Ieri Palazzo Chigi elencava in una nota i passi del ministero degli Esteri e della Difesa per ottenere una soluzione ribadendo che «il governo italiano non può d'altra parte sostenere alcuna azione che si traduca in favoreggiamento del fenomeno della pirateria». In passato, però, soprattutto per liberare giornalisti oppure operatori umanitari, si è fatto molto di più utilizzando anche fondi riservati dei servizi segreti. In realtà nella legge sul terrorismo e la pirateria non sarebbe esplicitamente vietato il pagamento di riscatti. Neppure gli Stati Uniti e l'Inghilterra, notoriamente Paesi "duri", proibiscono di pagare. Non a caso gli accordi per liberare le navi avvengono attraverso studi legali di Londra.
Per gli ostaggi, senza sfociare nel «favoreggiamento della pirateria», c'è spazio di manovra, se non ci si fossilizza su atteggiamenti burocratici. Per questo Bon si rivolge direttamente a Berlusconi: «Come capo del governo lei è l'ultima speranza per salvare gli ostaggi, che si stanno spegnendo nelle mani dei pirati. Parli con l'armatore, che nessuno sembra riuscire a contattare, e trovi il modo di salvare la vita ai nostri figli dando disposizioni a tutti gli organi dello Stato d'intervenire per una soluzione».

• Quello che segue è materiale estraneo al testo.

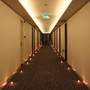Горящие туры в отель Lova Hotel Spa - 4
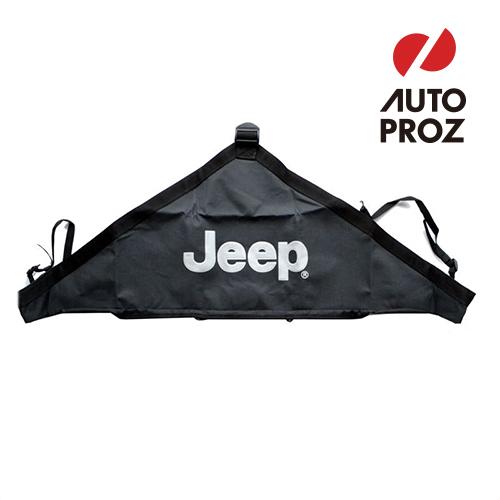 PTクルーザー フロントエンドカバー Mopar 純正 フロントブラ マスク 楽天市場】USジープ/MOPAR 純正品 JEEP JKラングラー ”JEEP”ロゴ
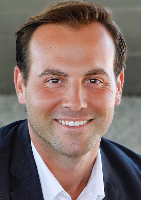 Dimitrios_Terzis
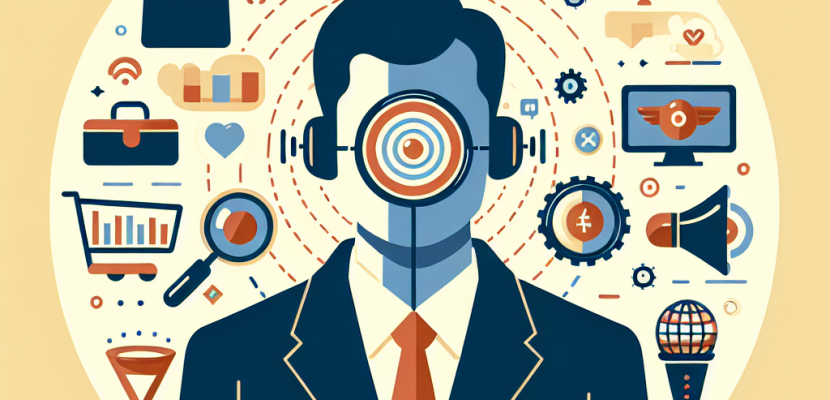 Experiências sensoriais no marketing potencializam branding e vendas ao ativar os cinco sentidos do cliente. Veja como aplicar, mensurar ROI e criar conexão memorável entre marca e consumidor.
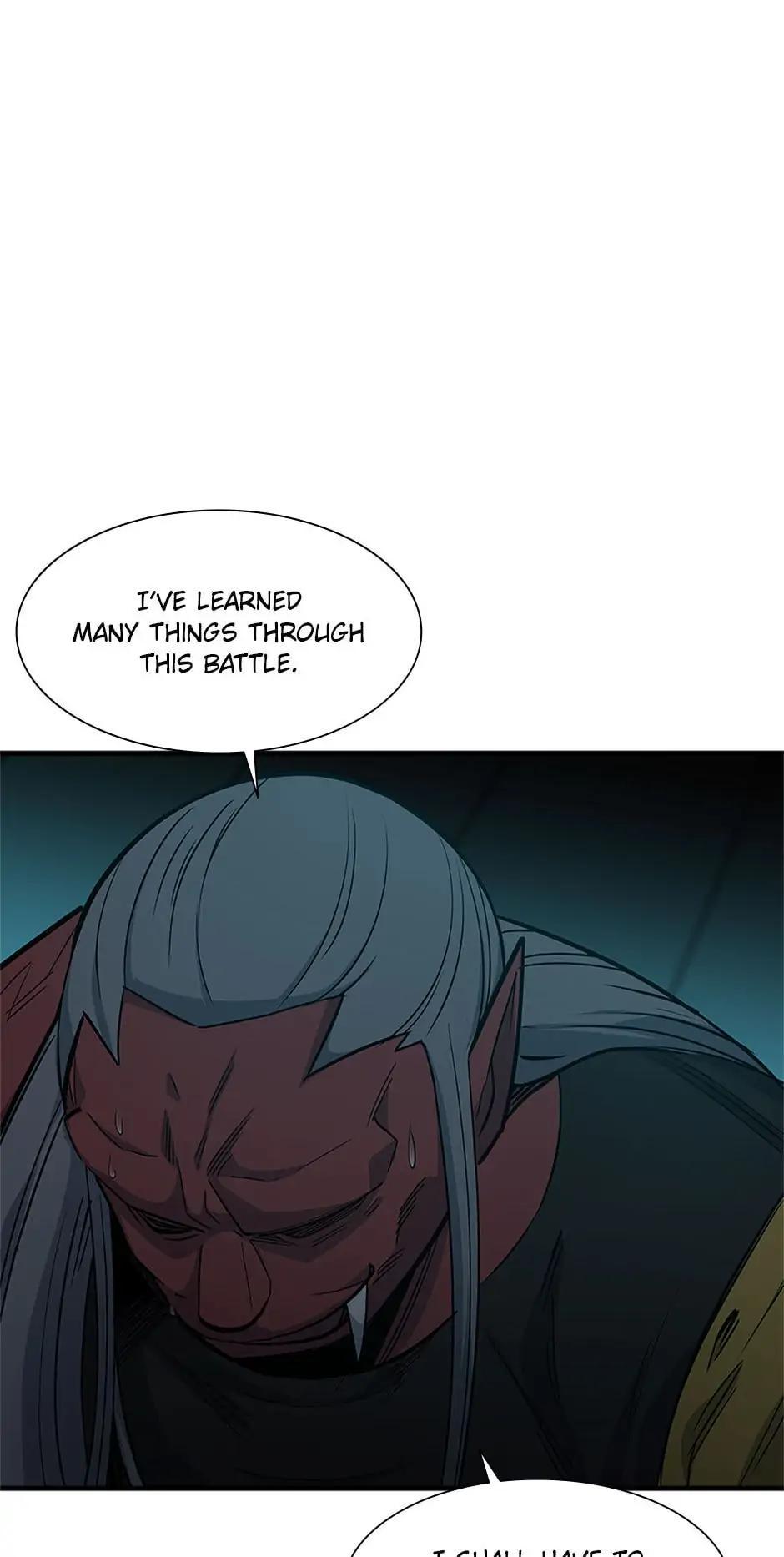 The Tutorial Is Too Hard Chap 71 - Next Chap 72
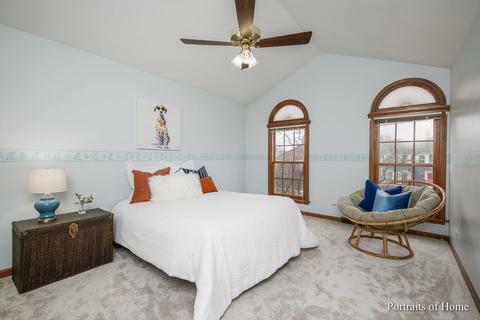 63 Christina Cir, Wheaton, IL 60189 photo 19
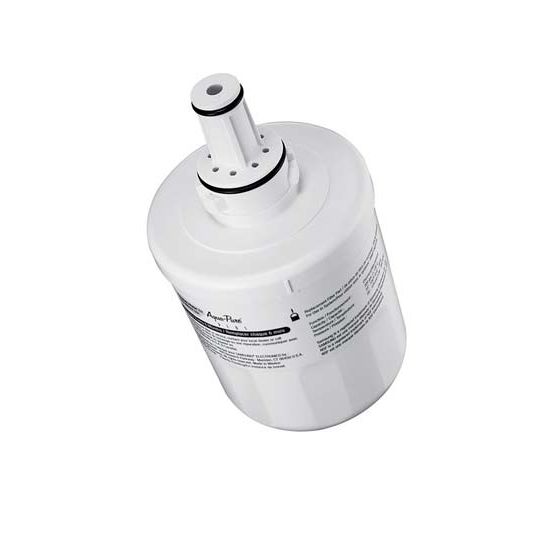 Pack tres Filtros originales Samsung DA2900003F/B/A - Imagen 3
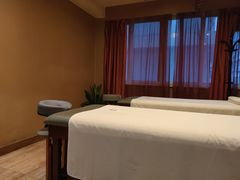 -固元堂(摩方分院)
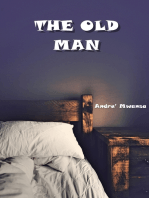 The Old Man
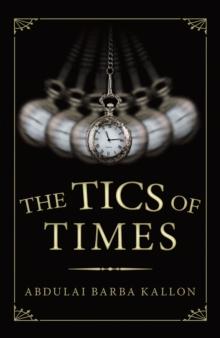 The Tics of Times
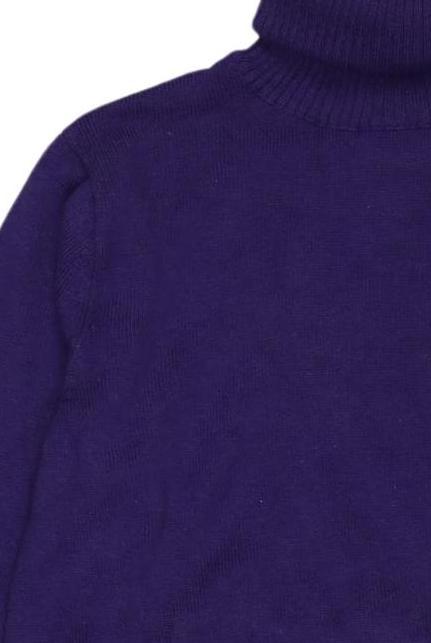 Thumbnail - Polo Ralph Lauren Mädchen Pullover, flieder, Gr. 146
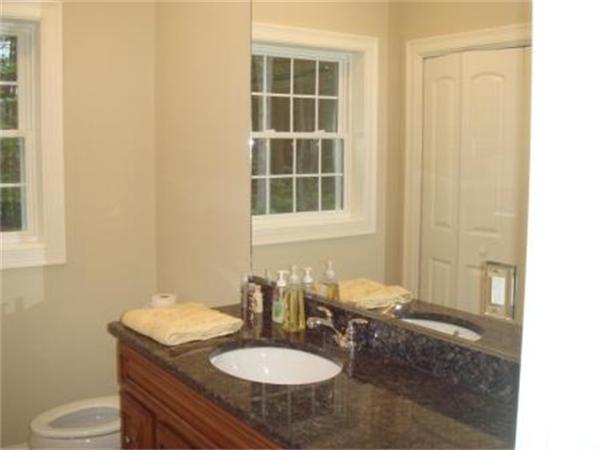 Viewing Image 3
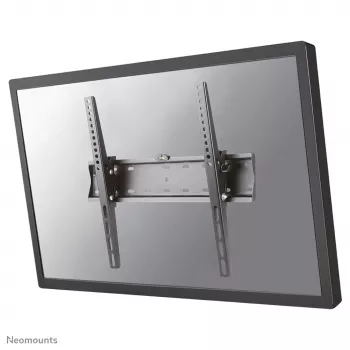 Neomounts FPMA-W350 zwart tv-muurbeugel 32-55 inch – kantelbaar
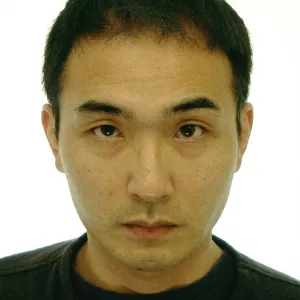  - 程式設計老师 - 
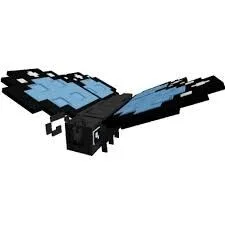 Butterfly Grow A Garden 2 Grow A Garden 2 100 Instant Delivery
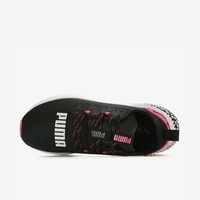 Puma Authentic Spring Style Chaussures de course basses pour femmes, résistantes aux chocs et résistantes à l'usure, 192268-04 4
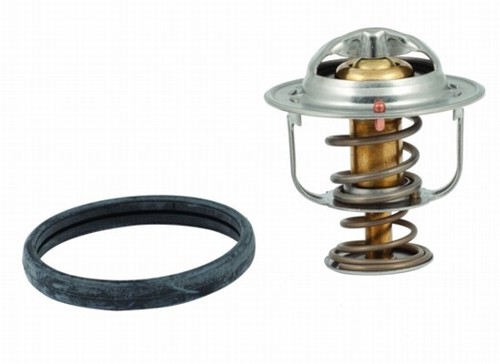 92438 meat doria thermostat - 92438,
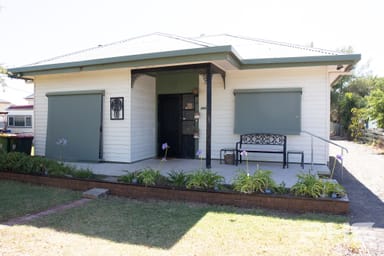 Property 185 Westblade Avenue, KERANG VIC 3579 IMAGE 0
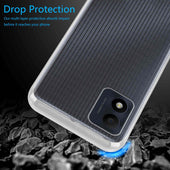 Lade das Bild in den Galerie-Viewer, Transparent / 1B 2022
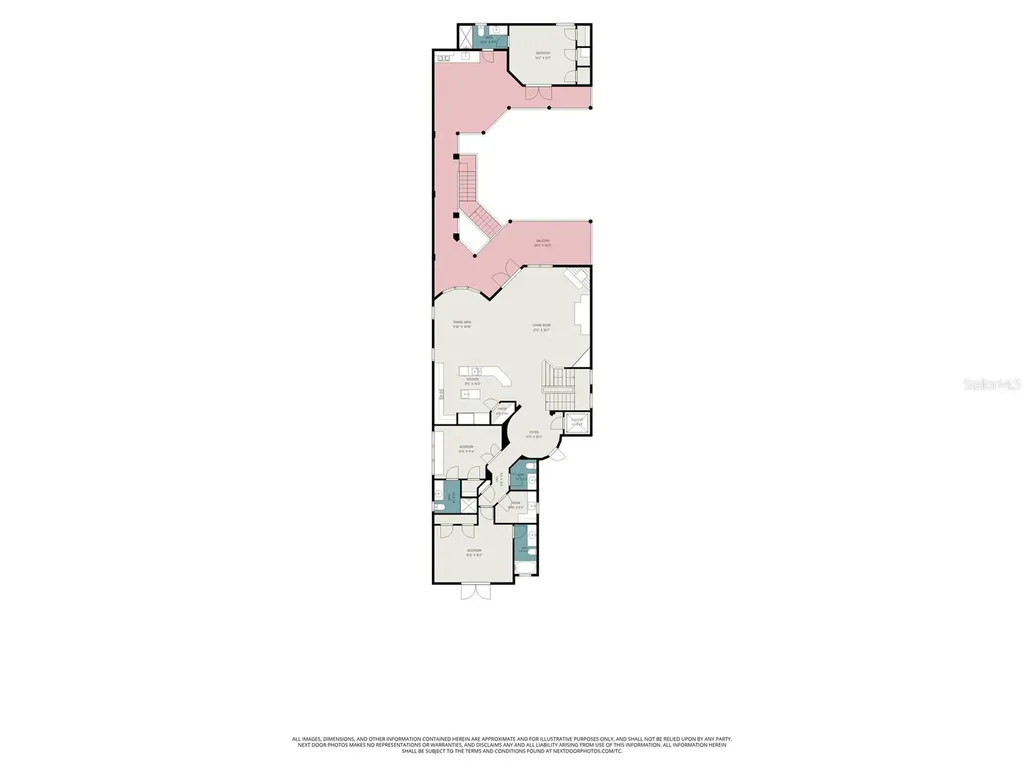 11523 Andy Rosse Lane Captiva FL 33924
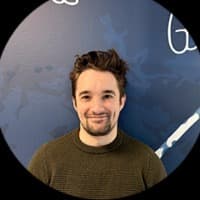Photo de profil de Marin JACQUARD, avocat à LYON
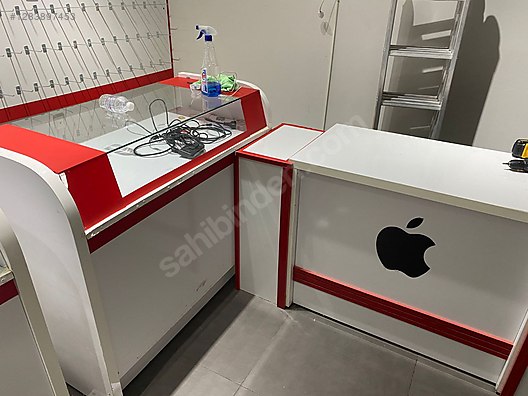 Used & Brand New Items / Cell Phones & Accessories / Accessories / Wholesale Lots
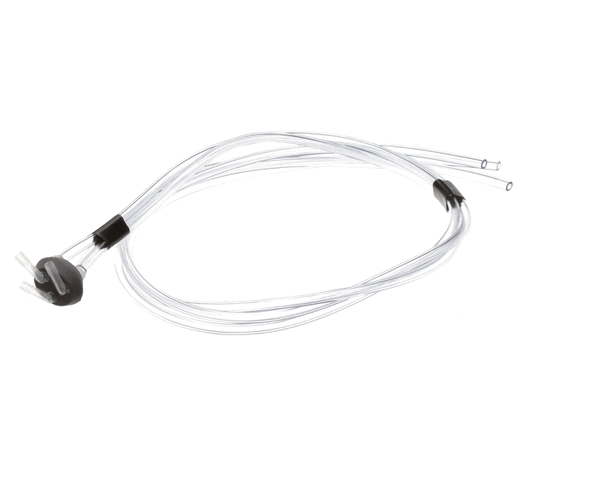 Glastender 01000698 Tubing, Assembly, Upper (GLA01000698)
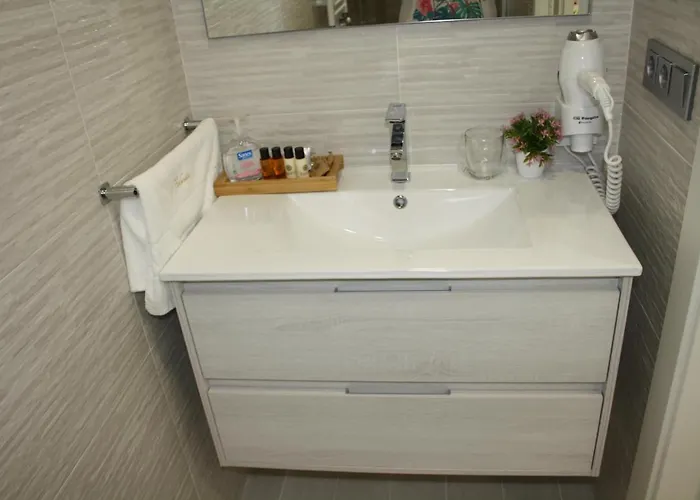 Casa A Bolerina 2 Combarro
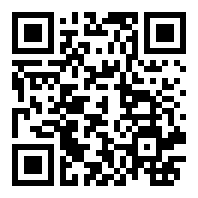 升学e网通app2022官方最新版
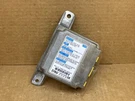 Honda Civic Coupe Computer Control Module 77960-SVA-A230-M1. Fixed Price $100.00.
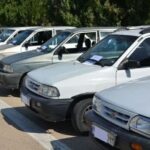 توصیه های پلیس هرمزگان در پیشگیری از سرقت خودرو و محتویات داخل خودرو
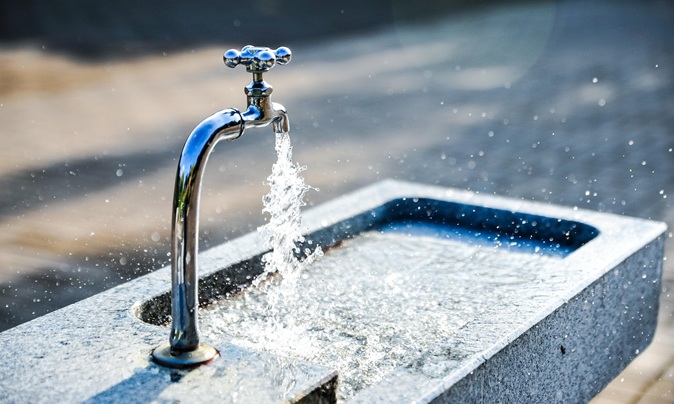 L’Assemblée de Martinique acte une autorité unique de l’eau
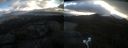 ./images/calvert/buxton2/20220314/buxton220220314_091003M.jpg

Le cinque famiglie degli ostaggi della Savina, sottolinea il padre del primo ufficiale di coperta nell'appello a Berlusconi, si sono «rivolti (...) al Papa, al presidente Napolitano, ai ministeri preposti, ai politici, fino ai più alti livelli, ai suoi amici e ai suoi nemici, credendo che tutti dovessero contribuire per salvare delle vite».
A Trieste, Procida e Pian di Sorrento città originarie degli ostaggi, migliaia di persone hanno manifestato, in maniera composta e silenziosa, con la parola d'ordine «liberi subito». «Sappiamo che il governo chiede il silenzio stampa - scrive Bon - ma dopo sette mesi di pazienza, senza risultati concreti, (...) la fiducia nelle istituzioni ha raggiunto il livello più basso. (..) Non possiamo continuare a tacere, tanto meno in uno Stato democratico».
Giovedì scorso anche altri ostaggi dei pirati hanno chiamato a casa facendo sprofondare nell'angoscia le famiglie.

Il figlio di Nicola Verrecchia, direttore di macchina, ha raccontato come il padre parlasse lentamente, singhiozzando. Gli ha detto che aveva il corpo coperto di lividi, che gli ostaggi sono stati picchiati, legati mani e piedi sul ponte sotto il sole, con nulla da mangiare e acqua solo salmastra da bere.